# DIRECTIONS
Transcribe exactly, please, the line bearing "Saladier Au Grès du temps gris - 28x28x11 cm" and all later lines through the end of the records, with the pictures left out.

Short web captions:
§ §

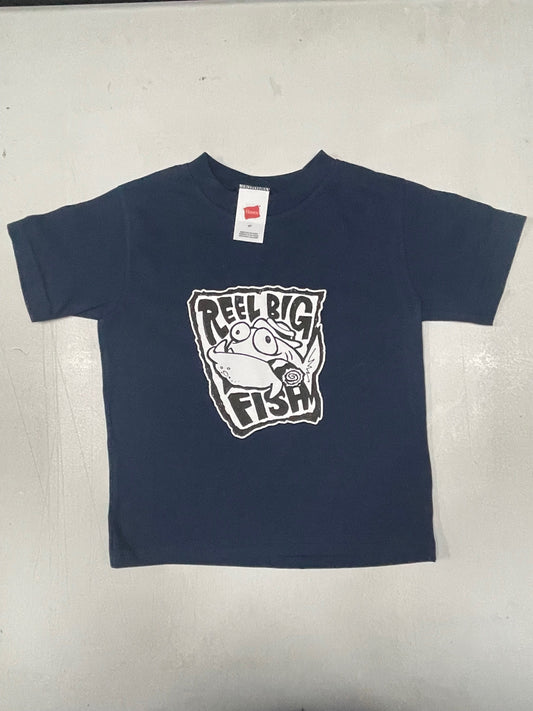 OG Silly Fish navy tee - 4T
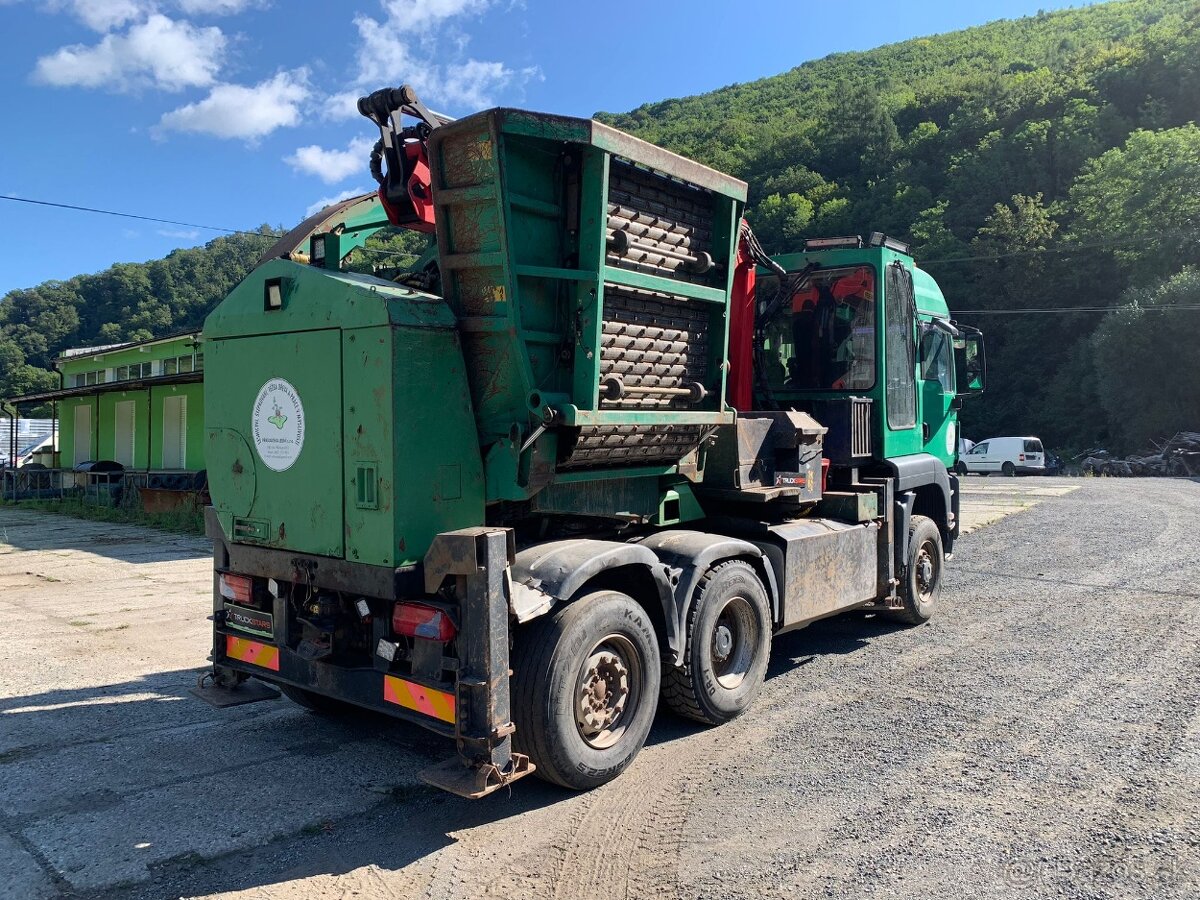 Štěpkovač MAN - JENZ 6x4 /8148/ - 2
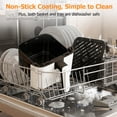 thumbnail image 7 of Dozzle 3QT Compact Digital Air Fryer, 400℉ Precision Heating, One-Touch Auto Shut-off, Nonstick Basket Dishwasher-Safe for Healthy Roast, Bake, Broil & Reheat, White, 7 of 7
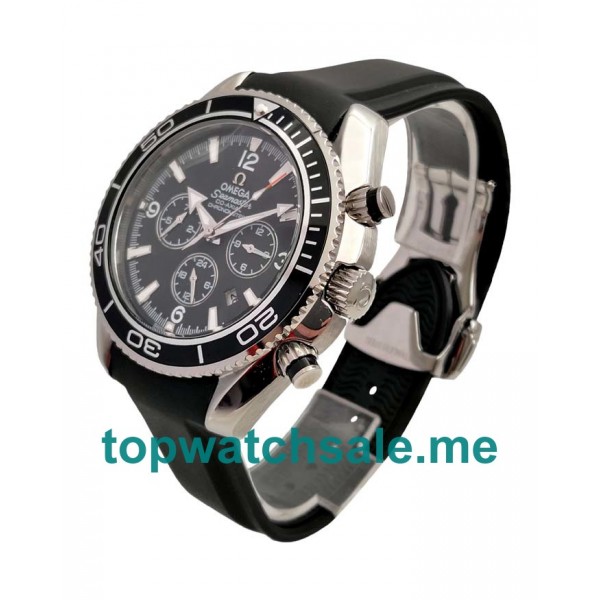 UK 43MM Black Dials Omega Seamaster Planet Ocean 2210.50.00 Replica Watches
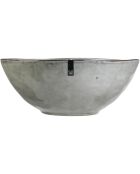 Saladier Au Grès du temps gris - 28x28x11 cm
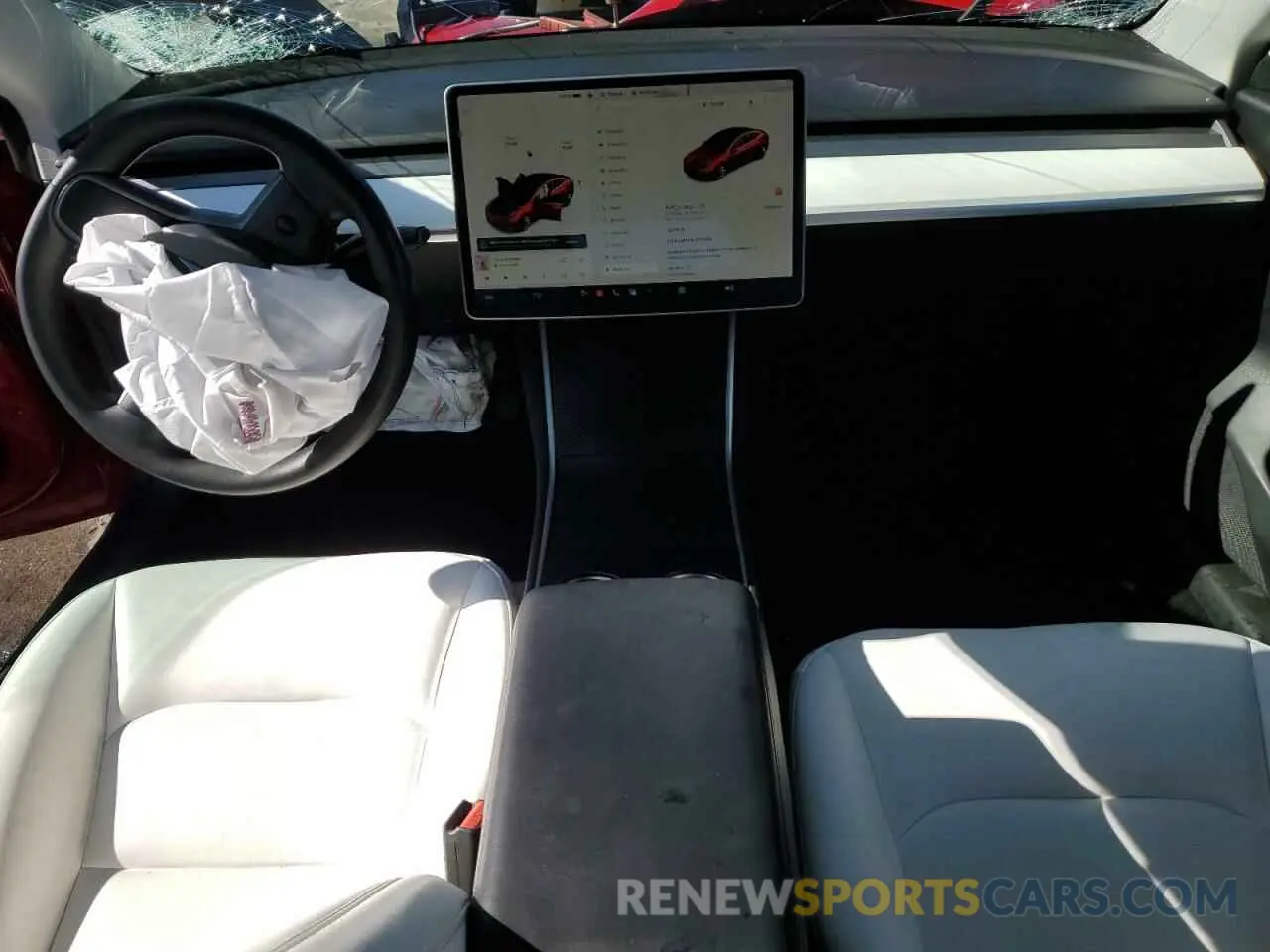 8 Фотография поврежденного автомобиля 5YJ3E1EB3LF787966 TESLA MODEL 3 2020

§ §

# ANSWER FOR THIS EXERCISE
 Saladier Au Grès du temps gris - 28x28x11 cm
 8 Фотография поврежденного автомобиля 5YJ3E1EB3LF787966 TESLA MODEL 3 2020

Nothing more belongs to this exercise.